For the reasons below, the Court DENIES PBB's Objection and adopts Magistrate Judge Schopler's Report and Recommendation in full. PBB is entitled to no recovery, and its lien is hereby discharged. ECF No. 78.
BACKGROUND
On July 15, 2022, Magistrate Judge Andrew G. Schopler held a hearing to address: (1) the distribution of settlement proceeds from the January 2021 settlement between Plaintiff and Defendants DCSS III, Inc. and associated individual defendants (collectively “Gossip Grill Defendants”), and (2) a lien asserted by PBB (Plaintiff's former counsel) on Plaintiff's total recovery in this case. ECF No. 209. Magistrate Judge Schopler issued a Report and Recommendation recommending that PBB be entitled to no recovery and that its lien be discharged because the firm withdrew from representing Plaintiff without justifiable cause. ECF No. 209. PBB timely objected to this ruling. ECF No. 216.

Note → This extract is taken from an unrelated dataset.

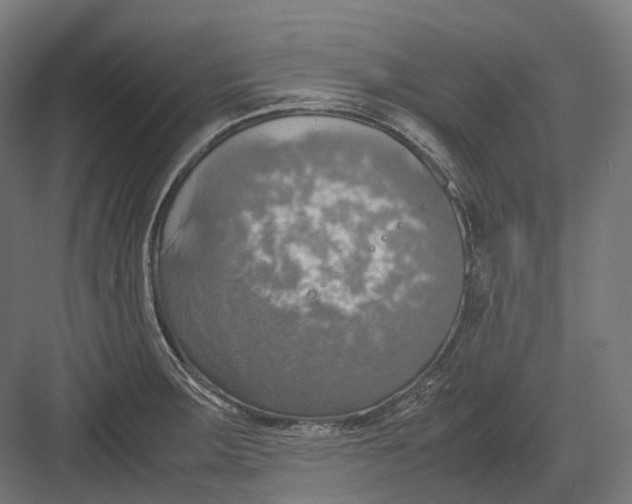 X0000082691283200702161714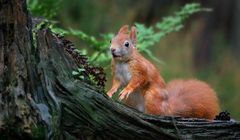 The Living Forest (595) : Red Squirrel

The Court recounts the facts relevant to the instant ruling. In April 2019, Plaintiff and PBB entered into a contingency fee agreement providing that PBB's legal fees would be 35% of any net recovery against any party to this litigation. ECF No. 170 at 2. In February 2020, while represented by PBB, Plaintiff filed this action. ECF No. 1. Ryan Graham, a PBB attorney who had represented Plaintiff in this matter left PBB in October 2020. ECF 219 at 1. Mr. Graham, as a solo practitioner, then substituted as Plaintiff's counsel. Id. In January 2021, Plaintiff reached a settlement with the Gossip Grill Defendants which was approved by the Court in September 2021. ECF No. 129, 146. On October 8, 2021, Plaintiff filed an Ex Parte Motion to determine distribution of the settlement proceeds. ECF No. 151. Shortly thereafter, Plaintiff's then-counsel, Mr. Graham, failed to file an Opposition to the Motions for Summary Judgment and effectively abandoned representation of Plaintiff. See e.g., ECF Nos. 154, 166. The matter was continued until Plaintiff was able to obtain her current counsel. ECF Nos. 188-91.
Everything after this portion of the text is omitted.